There is Fallujah, there is Mosul, and others. We need a more robust presence. And, John, again, as all of our candidates bloviate about refugees, we see Bashar Assad is a major cause of the refugees which are now flooding Europe and causing such consternation in the United States.
A no-fly zone will provide a refuge at least for some of these refugees.
GRAHAM: The one thing I would say, John, there is no ground force, there is no ground force being formed in Syria. And if you don't look at Iraq and Syria as one battle space, you are making a huge mistake.
DICKERSON: So, Senator Graham, the president says, because there is no ground force, military advisers tell him that it would require an occupational U.S. force. And that is a recipe for lots and lots of forces for a long period of time. What is your response to that?
GRAHAM: I haven't been told that by anybody.
The holding force would be the region. We're talking about regional armies being -- coming together with a Western component, 90 percent them, 10 percent us. The holding will be done by Sunni Arab states. We will turn to Assad and say, you must go. Russia and Iran will be on the outside looking in to an entire regional army, including Turkey, with Western elements. They will fold like a cheap suit.

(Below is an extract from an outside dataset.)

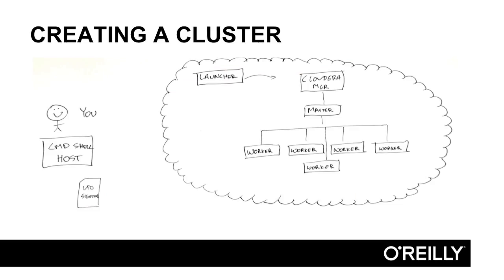Then we launch a cluster in the cloud using Cloudera director. On the left, you have you, the student, using your command shell host, and you have your cluster in the cloud that you've launched. We launch five worker node Hadoop clusters with a master Cloudera manager and a launcher node using Cloudera director. Creating this cluster is about a 20-minute operation once you get it down pat. So we have a lesson on it, and then you run through that lesson. You learn how to do it very quickly, and then you turn the key. 20 minutes later, you can come down and do another lesson.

Inside of Iraq, if we had 10,000 American forces, with some Western coalitions helping us, I think we could get them out of Mosul a lot quicker.
I cannot stress to you how urgent it is that we destroy ISIL. Every day that goes by that they hold millions of people under their sway is a bad day for us, because they're going to hit us at home if we don't put them on the run.
DICKERSON: You mentioned the bloviating of presidential candidates.
How much of an effect, let's say, Donald Trump, when he talks about registering Muslims in the United States. Does that have any real effect outside of the United States in the fight against ISIS?
MCCAIN: Well, I think it has an interesting effect of turning Muslims all over the world against the United States of America, which is 99.44 percent people who practice an honorable religion.
And, by the way, the fact is that we can succeed here, and ISIS is not that strong, but the longer they say in power, the more this poison spreads and metastasizes from as far away as Afghanistan, Africa, and other parts of the world.
DICKERSON: Final question to you, Senator McCain.
You're talking about a regional force, but the administration has been trying to get Gulf states to participate, have been unsuccessful. You're talking about a regional force that would be involved not with the Russians, but the Russians would be active there.
I mean, people are highly skeptical that such a force could be put together.
MCCAIN: Well, let them be skeptical. We haven't tried it.
Second of all, they are ready, but also that Assad has to be part of the equation. He cannot stay in power for one day longer than necessary. And so if you had the right president and the right leadership, they would coalesce.
But there is no confidence in the Arab world today in the United States of America. That has to be restored if we want to put together a regional force, which has to have American participation.